Здесь все делается по возможности просто и — чем проще, тем страшнее. Это, как кажется, становится решающим моментом художественного замысла режиссера.
Лир... Расслабленная наружная благорасположенность и постоянная внутренняя готовность к скандалу, к брани, как ни странно звучат эти слова применительно к шекспировскому герою. Да, но ведь и бранится Лир С. Качанова как-то странно — коротко, сухо, привычно, деловито, будто приученный к подобному выяснению отношений несчетными и опостылевшими буднями коммунальной жизни, будто вышел этот Лир на сцену прямо из соседней перенаселенной квартиры, сверх терпения человеческого раздраженный неурядицами и вопиющими несообразностями общего, очень даже может быть, нашего с ним существования.
Это, конечно, наш Лир, живущий среди нас, сформированный нашим обществом и теми вполне понятными обстоятельствами, под гнетом которых находимся сегодня все мы, зрители и создатели спектаклей.
Чего же домогается этот, прямо скажем, не слишком симпатичный старый человек, обыкновенный и заурядный не более, чем, к слову сказать, уличные нищие и бомжи, ставшие повсеместной приметой нашего города?
Вот именно — старый человек. "Старик, ты что затеял?" — наперекор поэтическому трафарету, просто и даже с юмором вопрошает Кент Лира в начальном эпизоде спектакля — в сцене раздела королевства. "Старик, дурак", — будет клясть себя на чем свет стоит Лир, когда станет никем, лишится всего, когда, наконец, поймет "кто есть кто". "Я узнаю тебя, ты — Глостер", — тихо скажет несчастный безумец Лир, некогда могучий король, несчастному слепцу, некогда бывшему всесильным вельможей.
Два одряхлевших на наших глазах старика, выброшенные из того, что мы называем жизнью, израненные, избитые, измочаленные ею, изнемогшие всего в каком-нибудь шаге от могилы...
А ведь Лир всего-то и хотел "остаток лет проковылять без ноши". Это, конечно, не образ, не поэтическая фигура (вот он, "английский след", чуть заметный, но четкий...).

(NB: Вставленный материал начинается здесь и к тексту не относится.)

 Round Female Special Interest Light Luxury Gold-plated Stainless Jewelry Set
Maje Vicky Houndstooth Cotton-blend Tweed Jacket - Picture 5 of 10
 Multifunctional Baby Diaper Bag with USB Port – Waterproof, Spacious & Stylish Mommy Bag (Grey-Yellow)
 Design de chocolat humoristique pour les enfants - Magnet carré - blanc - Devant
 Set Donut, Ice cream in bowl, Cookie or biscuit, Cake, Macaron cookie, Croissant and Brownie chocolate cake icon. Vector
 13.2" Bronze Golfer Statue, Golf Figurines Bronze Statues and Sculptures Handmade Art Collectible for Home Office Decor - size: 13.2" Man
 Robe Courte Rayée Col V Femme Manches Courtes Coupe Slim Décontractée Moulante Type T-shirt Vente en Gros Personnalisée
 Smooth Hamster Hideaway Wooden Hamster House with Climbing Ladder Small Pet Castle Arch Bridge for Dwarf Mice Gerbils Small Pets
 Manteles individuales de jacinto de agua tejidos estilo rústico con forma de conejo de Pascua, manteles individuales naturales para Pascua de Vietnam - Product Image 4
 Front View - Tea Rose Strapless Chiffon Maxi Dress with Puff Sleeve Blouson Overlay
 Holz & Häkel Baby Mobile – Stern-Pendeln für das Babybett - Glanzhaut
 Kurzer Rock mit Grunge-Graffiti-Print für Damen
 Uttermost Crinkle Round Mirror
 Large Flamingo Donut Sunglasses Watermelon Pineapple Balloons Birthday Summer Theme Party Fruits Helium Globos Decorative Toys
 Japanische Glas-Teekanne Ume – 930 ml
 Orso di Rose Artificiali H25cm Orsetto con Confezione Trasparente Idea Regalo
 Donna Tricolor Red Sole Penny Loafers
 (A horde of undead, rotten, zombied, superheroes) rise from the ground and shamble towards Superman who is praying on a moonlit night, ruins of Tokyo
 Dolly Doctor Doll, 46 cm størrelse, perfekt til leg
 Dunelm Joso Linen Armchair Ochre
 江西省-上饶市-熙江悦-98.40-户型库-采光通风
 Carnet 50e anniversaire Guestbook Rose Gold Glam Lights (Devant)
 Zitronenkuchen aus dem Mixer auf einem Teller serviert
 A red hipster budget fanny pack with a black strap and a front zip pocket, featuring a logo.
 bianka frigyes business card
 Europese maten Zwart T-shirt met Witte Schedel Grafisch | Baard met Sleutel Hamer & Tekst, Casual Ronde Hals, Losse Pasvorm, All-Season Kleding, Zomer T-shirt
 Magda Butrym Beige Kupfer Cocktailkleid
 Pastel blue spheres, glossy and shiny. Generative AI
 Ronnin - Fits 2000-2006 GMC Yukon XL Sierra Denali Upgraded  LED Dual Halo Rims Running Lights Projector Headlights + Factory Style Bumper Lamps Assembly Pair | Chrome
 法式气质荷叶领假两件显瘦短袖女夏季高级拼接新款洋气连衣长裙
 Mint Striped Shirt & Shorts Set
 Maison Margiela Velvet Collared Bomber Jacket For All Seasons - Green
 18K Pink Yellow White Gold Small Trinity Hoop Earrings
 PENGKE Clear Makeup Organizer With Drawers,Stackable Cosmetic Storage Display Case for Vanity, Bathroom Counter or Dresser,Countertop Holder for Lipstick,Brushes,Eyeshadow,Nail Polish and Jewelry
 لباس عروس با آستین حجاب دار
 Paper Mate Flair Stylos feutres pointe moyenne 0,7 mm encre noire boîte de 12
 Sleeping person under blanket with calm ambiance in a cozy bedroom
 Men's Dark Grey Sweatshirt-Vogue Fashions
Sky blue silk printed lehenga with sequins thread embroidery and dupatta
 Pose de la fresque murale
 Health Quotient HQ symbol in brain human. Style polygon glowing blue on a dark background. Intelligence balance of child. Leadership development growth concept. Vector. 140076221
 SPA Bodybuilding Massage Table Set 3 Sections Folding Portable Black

Это буквальная установка героя С. Кача-нова, понятная и простая. Лир "с Малой Бронной" хотел найти "экологическую нишу" для своей старости, не более того.
Не получилось...
Но разве старость— не общий удел человеческий? Разве один только Лир, один только Глостер — эти обыкновенные, заурядные, нищие старики — испытали неблагодарность и жестокость детей своих? Чем ближе к нам, чем понятнее персонажи, чем обыденнее обстоятельства, непоправимо искалечившие их жизни, тем шире, убедительнее и резче обобщение, заключенное театром в их сцеплении.
Нет, в самом деле, в этом спектакле простота все очевиднее становится проводником отчаяния, все больше начинает пугать, бередит чувство и раздражает мысль...
Сергей Женовач прочитал шекспировскую трагедию как семейную драму. Никогда прежде, пожалуй, не приходилось слышать столь проникновенное: "Дочери мои...", столь горестное: "А я все вам отдал...".
Может показаться, что перед нами разыгрывается дошекспировская пьеса "Лир и его три дочери", простенькая семейная история с узким назидательным уроком, которой, тем не менее, отдавал предпочтение известный "ниспровергатель" Шекспира Лев Толстой. Это способно бросить густую тень на замысел спектакля.